А когда налетел и завыл в дуплах ураганный ветер, он уже не сомневался в неотвратимости расплаты за покушение на покой этих мест. Черные деревья, казалось, задвигались, угрожающе скрипя, замахали ветвями-лапами. Напряженное состояние последних дней достигло предела. Жила совершенно потерял самообладание. В этот момент одна улежавшаяся снежная глыба, сорвавшись с толстого сука, пронеслась прямо перед его носом и чуть не выбила из рук ружье. Охотник сжался от ужаса. Попятившись, прилип спиной к стволу и, широко раскрыв глаза, оцепенело уставился на… разлохмаченный шлейф дыма. Вид быстро несущихся со стороны ключа черных клубов медленно выводил Жилу из прострации. Когда до него наконец дошло, что может так дымить, он, позабыв обо всем, помчался к стану. На бегу пытался вспомнить, хорошо ли закрыл поддувало, убрал ли от печки смолистые щепки.

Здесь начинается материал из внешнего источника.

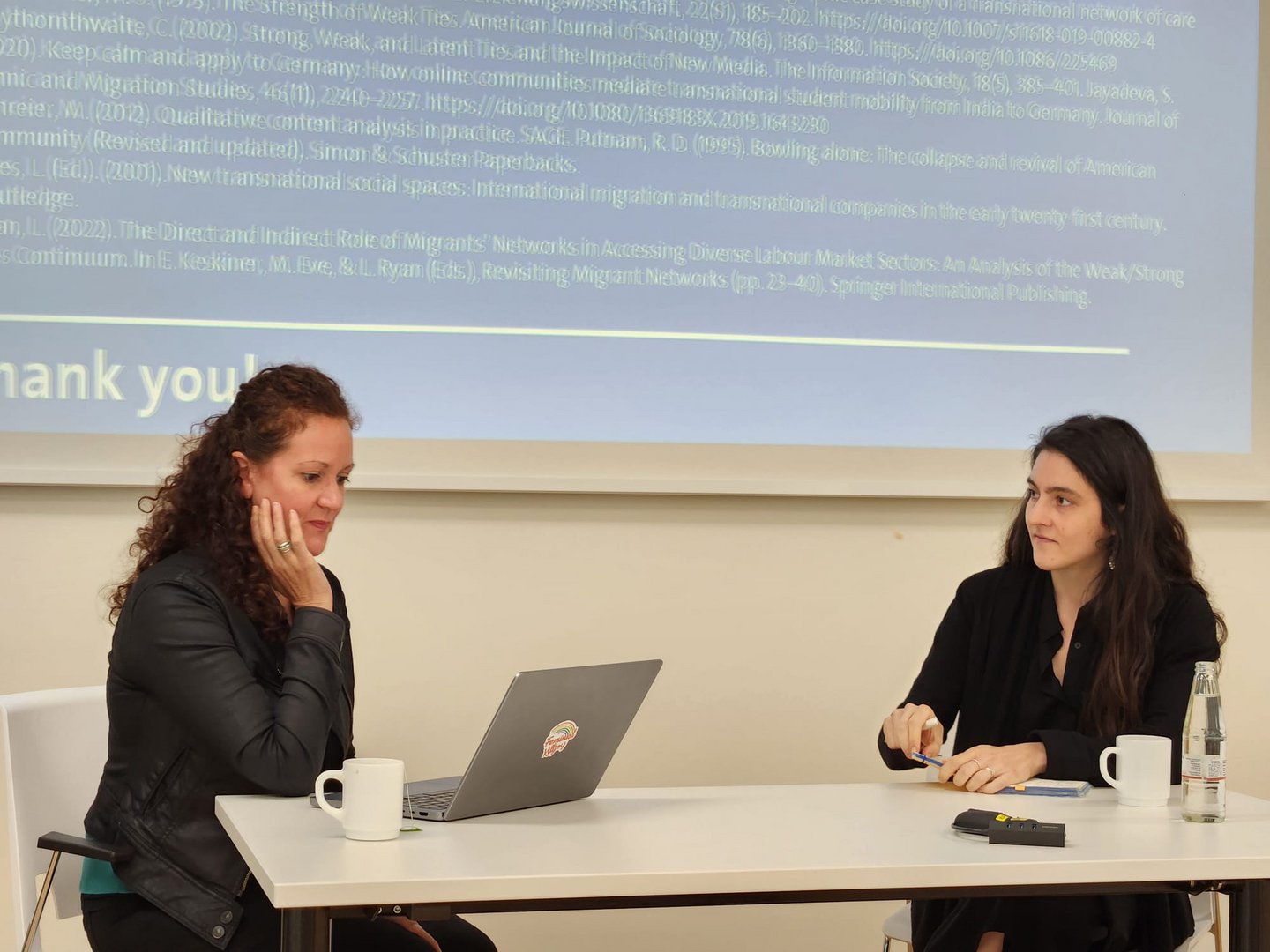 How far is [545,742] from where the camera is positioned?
171cm

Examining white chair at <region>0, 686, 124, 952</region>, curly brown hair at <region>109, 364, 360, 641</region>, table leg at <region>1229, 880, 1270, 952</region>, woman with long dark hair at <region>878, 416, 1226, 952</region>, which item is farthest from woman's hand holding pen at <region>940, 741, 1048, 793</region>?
white chair at <region>0, 686, 124, 952</region>

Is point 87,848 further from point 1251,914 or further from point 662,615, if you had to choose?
point 662,615

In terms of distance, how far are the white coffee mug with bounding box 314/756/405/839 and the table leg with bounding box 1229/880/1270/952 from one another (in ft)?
3.22

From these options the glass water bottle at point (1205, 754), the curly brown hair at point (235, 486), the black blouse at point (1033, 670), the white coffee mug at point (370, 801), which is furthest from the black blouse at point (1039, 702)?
the curly brown hair at point (235, 486)

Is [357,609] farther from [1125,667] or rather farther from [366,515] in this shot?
[1125,667]

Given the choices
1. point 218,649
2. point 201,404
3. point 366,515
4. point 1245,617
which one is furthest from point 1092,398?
point 218,649

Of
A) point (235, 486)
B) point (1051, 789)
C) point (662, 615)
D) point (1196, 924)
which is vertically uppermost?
point (235, 486)

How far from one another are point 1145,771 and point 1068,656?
0.46 m

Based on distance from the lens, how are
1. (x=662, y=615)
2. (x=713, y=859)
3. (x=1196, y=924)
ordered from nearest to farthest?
(x=713, y=859) → (x=1196, y=924) → (x=662, y=615)

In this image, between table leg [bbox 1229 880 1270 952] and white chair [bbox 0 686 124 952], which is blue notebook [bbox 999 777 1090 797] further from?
white chair [bbox 0 686 124 952]

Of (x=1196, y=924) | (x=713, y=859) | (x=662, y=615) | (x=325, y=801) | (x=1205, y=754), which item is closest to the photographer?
(x=713, y=859)

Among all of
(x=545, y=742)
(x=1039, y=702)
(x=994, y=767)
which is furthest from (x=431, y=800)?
(x=1039, y=702)

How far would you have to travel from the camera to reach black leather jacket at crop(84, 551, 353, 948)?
Result: 1.71 metres

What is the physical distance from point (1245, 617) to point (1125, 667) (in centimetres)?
135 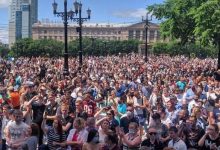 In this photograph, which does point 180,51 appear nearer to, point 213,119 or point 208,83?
point 208,83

Весь мокрый взлетел на гребень, откуда хорошо видно зимушку, и — о ужас — на ее месте бесновался красный венец пламени.

Жила, с разрывающим нутро воем, упал на снег и забился в истерике. Он был сражен не столько видом полыхавшей зимушки (черт с ней — все равно больше не охотиться), сколько сознанием того, что вот так глупо сгорели все его труды — остерегаясь повторного налета на лабаз, Жила перенес пухлые связки пушнины в зимовье…

Рысь во время очередного визита к Рыжебородому обнаружила на месте его логова черный круг земли с покореженной железной печкой посередине да обледенелую топанину следов. От нее уходила одинокая парная колея.

Боцман не ведал, какая именно трагедия настигла его непримиримого врага, но было очевидно, что он лишился убежища и покинул это место. Теперь ему не давал покоя вопрос: «Куда ушел Рыжебородый? Может, он обосновался где-то поблизости?» Озабоченный кот отправился по следу.

Колея тянулась по широко прорубленной тропе вдоль подножья отрогов почти прямо, не углубляясь в распадки. На второй день пути Боцман перевалил по затяжному тягуну на противоположный склон Главного хребта. Здесь тропа Рыжебородого слилась с тропами других промысловиков и дальше змеилась хорошо накатанной лыжами и нартами дорогой по берегу торосистой, изъеденной промоинами реки, то приближаясь, то удаляясь от нее.